> [EXERCISE BRIEF] Would you copy the listing below exactly, keeping the pictures out?

> [PROVIDED INFORMATION]
################
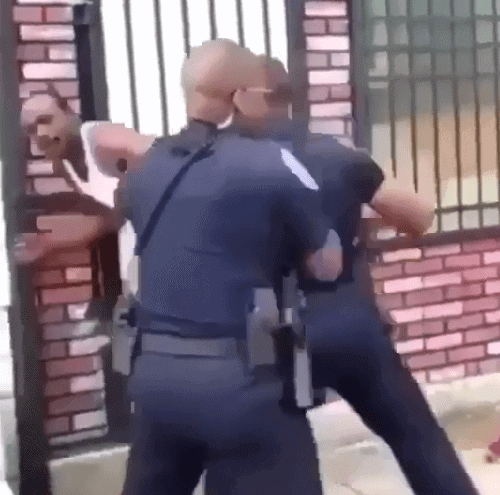 Baltimore police assaulting man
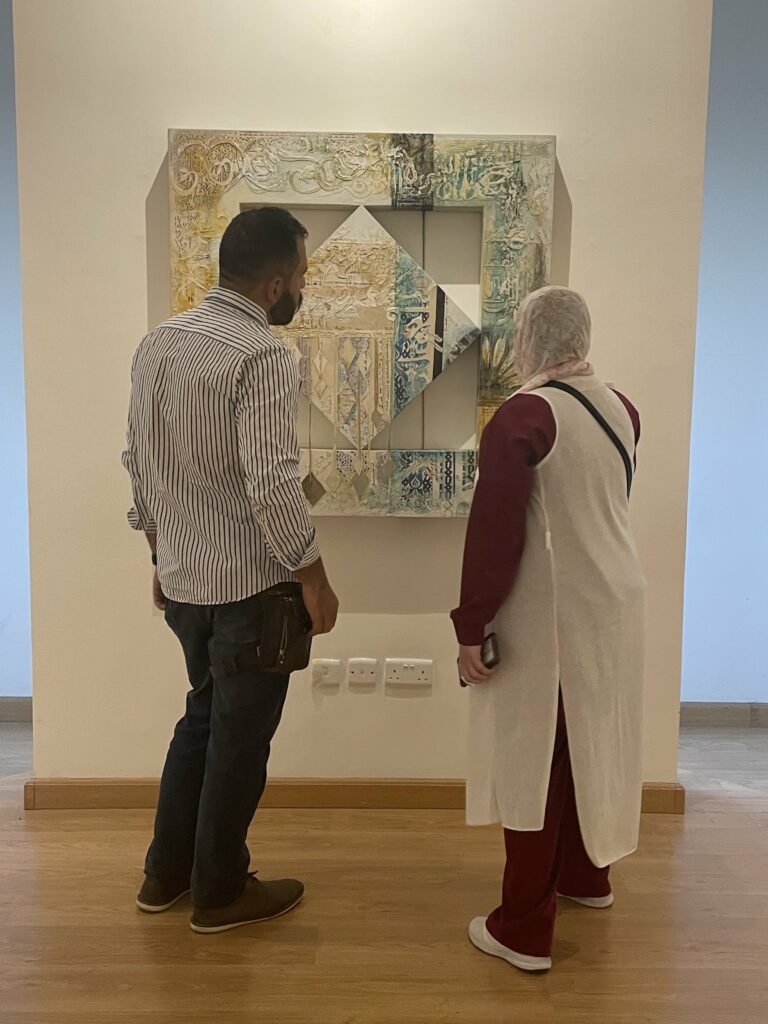 Two people view artwork at the Jordan National Gallery of Fine Arts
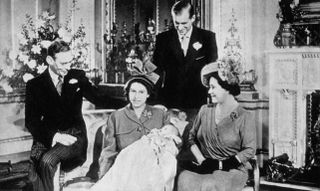 The then-Princess Elizabeth and Prince Philip with Prince Charles, King George and Queen Elizabeth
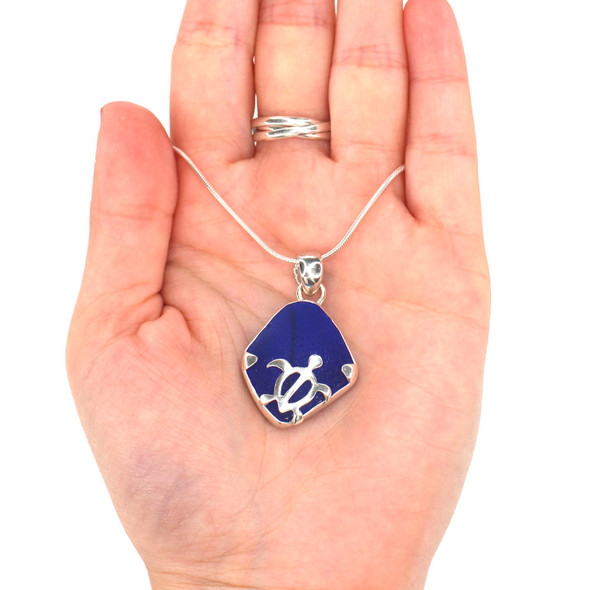 Cobalt Sea Glass Swimming Turtle Necklace on model for color reference.
Cobalt Sea Glass Swimming Turtle Necklace on model for color reference.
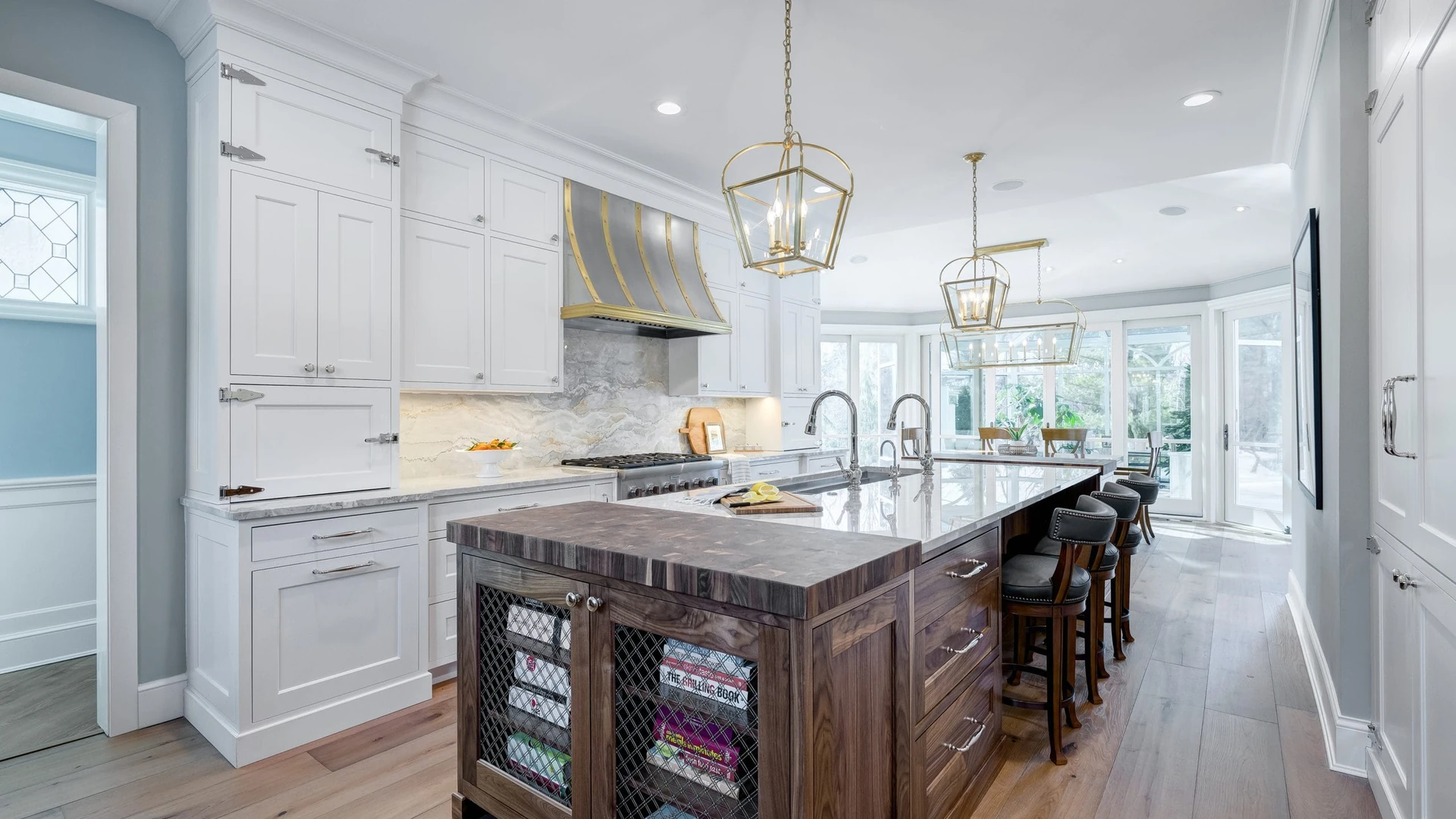 Kitchen with white painted cabinets and a long island whose dark wood cabinets have mesh-front doors and an end-grain wood top, under brass lantern pendants and a metal range hood with brass straps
################
> [EXPECTED ANSWER]
 Baltimore police assaulting man
 Two people view artwork at the Jordan National Gallery of Fine Arts
 The then-Princess Elizabeth and Prince Philip with Prince Charles, King George and Queen Elizabeth
 Cobalt Sea Glass Swimming Turtle Necklace on model for color reference.
Cobalt Sea Glass Swimming Turtle Necklace on model for color reference.
 Kitchen with white painted cabinets and a long island whose dark wood cabinets have mesh-front doors and an end-grain wood top, under brass lantern pendants and a metal range hood with brass straps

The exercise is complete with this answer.